Software is The Glass Bead Game
Posted Jan 20, 2012 1:14 UTC (Fri) by
giraffedata (subscriber, #1954)
In reply to:
Software is The Glass Bead Game by nybble41
Parent article:
LCA: Addressing the failure of open source
I find that most of what people call hardware and software is for the purposes of that discussion indistinguishable. I try to use those two words sparingly. I think maybe a lot of people don't understand what "hardware" engineering is like. You don't tinker with matter; you work at a keyboard. For the purposes of testing your invention, you use an existing, not very interesting, process to convert your software to something physical.
Drugs were mentioned above as patent-worthy because they are hardware. They're software. The part where you express a drug as a pill and put it in someone's mouth is a fairly small part of the invention process; if we could download a drug into a test subject through the retina, the drug wouldn't be much less costly to invent.

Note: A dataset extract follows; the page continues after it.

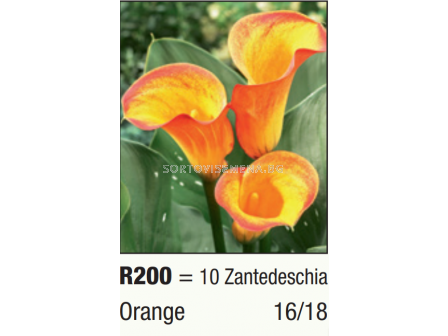 Кала Orange/ Zantedeschia  - 1 бр.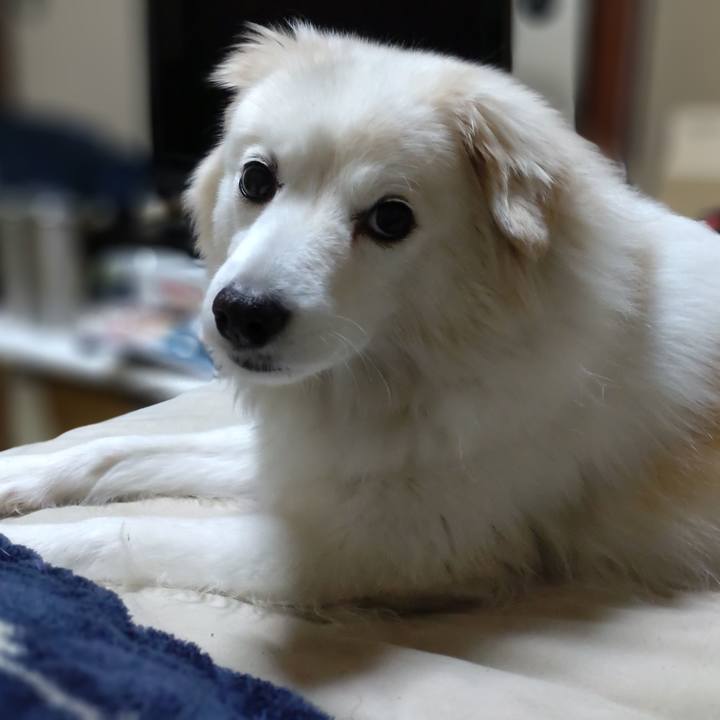 A74979f9 026c 4244 b67e fa308722183d 1648157729360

There are two fundamental functions of patents: 1) provide a way for an inventor to recover the costs of invention; and 2) provide an incentive for an inventor to disclose his invention. I don't see that hardware vs software or algorithm vs machine has any bearing on those purposes.
There already exists an obviousness test for patentability which ought to cover most of the objectionable software patents. It just doesn't seem to be implemented very well.